Newsletters, Buchautorin, Journalistin
Aufbau und Bearbeitung von Archiven und Sammlungen
Das emphatische Rufzeichen: O!livenbaum
„Interessieren Sie sich eigentlich für Olivenbäume?“, lautete die Anfrage. „Es gäbe hier Fotos anzuschauen.“
„Nicht wirklich“, war meine erste Reaktion. Ich mag zwar Bäume sehr gern, Kastanien, Buchen, Ahorn, Gingko, aber Olivenbäume scheinen mich abzuweisen. Doch ich wollte nicht unhöflich sein und versprach, vorbeizukommen. „Schon sehr schön“, musste ich zugeben: Olivenbäume zu jeder Tages- und Nachtzeit, bei jedem Wetter und zu jeder Jahreszeit, blühend, schlafend, knorrig und sich windend.

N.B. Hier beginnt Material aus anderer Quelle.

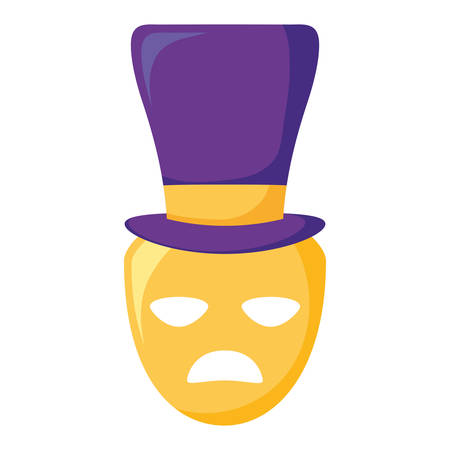 theatrical sad masks with tophat vector illustration designのイラスト素材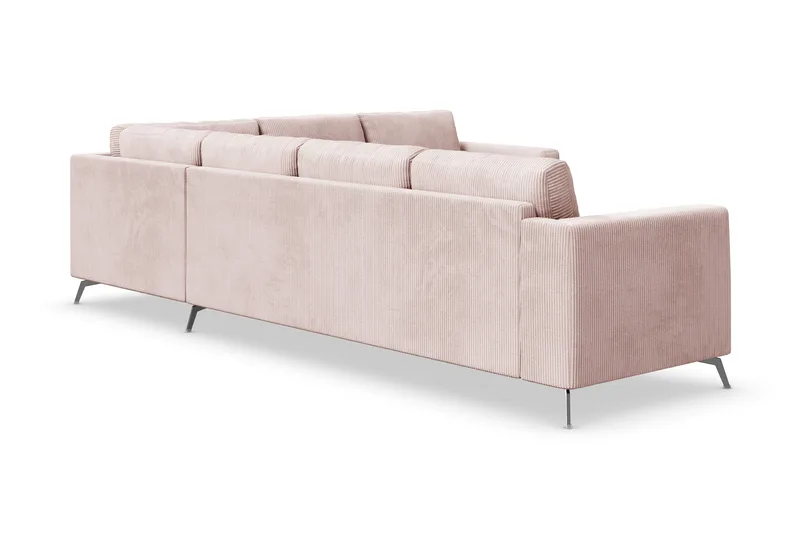 Ocean Lyx 5-seters Vendbar L-formet Hjørnesofa i Manchester - Rosa - Møbler - Sofaer - Hjørnesofa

„Warum soll ich sie mir anschauen?“
„Wir hätten gerne von Ihnen Texte dazu, wir wollen ein Buch machen.“
„Nein, Hilfe, da landen wir doch sofort im klassischen Altertum, das ist mir durch mein humanistisches Gymnasium auf ewig verleidet“, wehrte ich ab.
„Keine Angst, wir wollen weder die Mythen der Antike strapazieren noch das tausendste Kochrezept für Olivenöl beschreiben, wir wollen stattdessen ein Buch, das anders als alle anderen ist.“
Na gut, das war eine Basis, über die man nachdenken konnte.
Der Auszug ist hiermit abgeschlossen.